But one thing troubled him still, that was the great battle which was announced between Ney and Napoleon.

“Although Ney has kissed the hand of the King, yet he is an old soldier, and I will never believe that he will fight against the will of the people. No, it is not possible, he will remember the old cooper of Saar-Louis, who would break his head with his hammer, if he were still living, on learning that Michel had betrayed the country in order to please the King.”

That was what Mr. Goulden said, but that did not prevent people from being uneasy, when suddenly the news arrived that he had followed the example of the army and the bourgeoisie and all those who wished to be rid of the atonements, and that he had rallied with them. Then there was greater confidence, but still prudent men were silent in view of what might happen.

On the 21st of March, between five and six in the evening, Mr. Goulden and I were at work; it had begun to grow dark, and Catherine was lighting the lamp, a gentle rain was falling on the panes, when Theodore Roeber, who had charge of the telegraph, passed under our windows, riding a big dapple-gray horse at the top of his speed, his blouse filled out by the air, he went so fast, and he was holding his great felt hat on with one hand, while he kept striking his horse with a whip which he held in the other, though he was galloping like the wind.

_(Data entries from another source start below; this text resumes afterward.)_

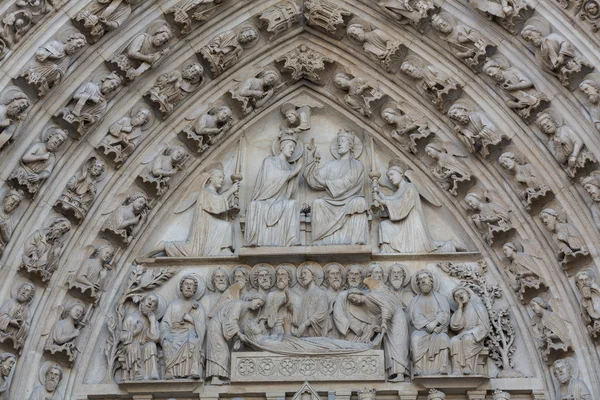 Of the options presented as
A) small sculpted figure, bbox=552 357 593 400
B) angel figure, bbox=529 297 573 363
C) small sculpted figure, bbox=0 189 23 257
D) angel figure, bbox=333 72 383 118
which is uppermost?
angel figure, bbox=333 72 383 118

Father Goulden wiped the glass and leaned over to see better, and said:

“That is Roeber, who is coming from the telegraph, some great news has arrived.” His pale cheeks reddened, and I felt my heart beat violently. Catherine came and placed the lamp near us, and I opened the window to close the shutter. That took me some moments, as I was obliged to disarrange the glasses on the work-table, and take down the watches before I could do it. Mr. Goulden seemed lost in thought. Just as I had fastened the window, we heard the assembly beat from both sides of the city at once, from the bastion of the Mittelbronn and from Bigelberg, the echoes from the ramparts and from the target valley responded, and a dull rumbling filled the air, Mr. Goulden rose, saying:

“The matter is decided at last,” in a tone which made me shudder. “Either they are fighting near Paris, or the Emperor is in his old palace as he was in 1809.”

Catherine ran for his cloak, for she saw plainly he was going out in spite of the rain. He was speaking with his great gray eyes wide open, and took no notice as she slipped on the sleeves, and as he went out Catherine touched me on the shoulder—I was still sitting—and said:

“Go, Joseph, follow him.”

We reached the square just as the battalion filed out of the broad street at the corner by the mayor’s, behind the drummers, who had their drums over their shoulders. A great crowd followed them. When they reached the great lindens, the drums recommenced, and the soldiers hurriedly got into their ranks, and almost immediately the Commandant Gémeau, who was suffering from his wounds and had not been out for two months appeared on the steps of the “Minque.” A sapper held his horse by the bridle, and gave him his shoulder to mount. Everybody was looking on, and the roll commenced. The commandant crossed the square, and the captains went quickly up to meet him; he said a few words to them, and then passed in front of the battalion, followed by a sergeant with three chevrons, who carried a flag in its oil-cloth case. The crowd increased every moment. Mr. Goulden had mounted on the stone posts in front of the arch of the guard-house. After the roll was called, the commandant waited a moment and then drew his sword and gave the order to form a square. I tell you these things in a simple way, because they were simple and terrible.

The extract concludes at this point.